El libro que nos acompañaba era "Paseos por Roma", fruto de tres viajes a Italia. El primero en 1800 cuando acompaña a las tropas de Napoleón y se instala en la ciudad del Vesubio, siendo subteniente de caballería. En ese tiempo, tras haber seguido con pasión desmedida al Corso, descubrió que el poder supremo envilece y, cuando llega al límite máximo, es un frenesí que arruina la propia autoridad, la embriaga y causa delirio.
Once años después regresa para comenzar su “Historia de la pintura en Italia”, cae en los brazos de Angélin Bereyter y es el inicio de un turbión amoroso en las tierras de Petrarca.
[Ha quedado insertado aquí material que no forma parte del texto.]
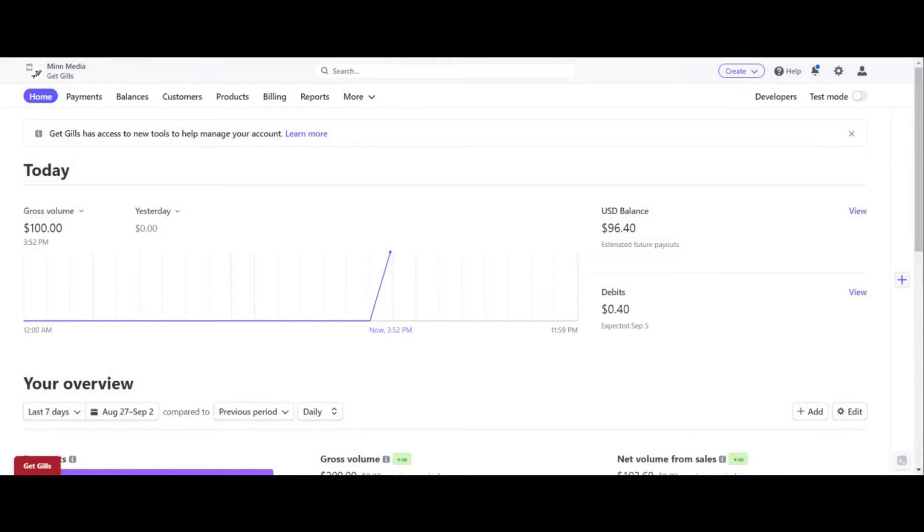In today's video, I'm going to show you guys how to create an invoice in Stripe. I repeat, we're going to be using Stripe to learn how to create an invoice because some of you guys might be starting a business and you're trying to send an invoice to do service work or what have you. This is going to be a tutorial on how to create an invoice in Stripe.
En julio de 1827, en compañía de un grupo de amigos, entre los que hay varias damas, viaja a Nápoles, Ischia, Roma y Florencia. Llega a Milán de regreso a París, y es expulsado por la policía austriaca en ese entonces dueña de la ciudad.
A la búsqueda de un empleo en las orillas del Tíber, trabaja en el vademécum de la Ciudad Eterna, y cuyo texto en estos momentos, mientras hilvanamos la croniquilla, se aletarga sobre la mesita de noche en el apartamento cercano a los Jardines de Viveros en Valencia, ciudad mediterránea en la que hemos encallado y será ya el reposo definitivo.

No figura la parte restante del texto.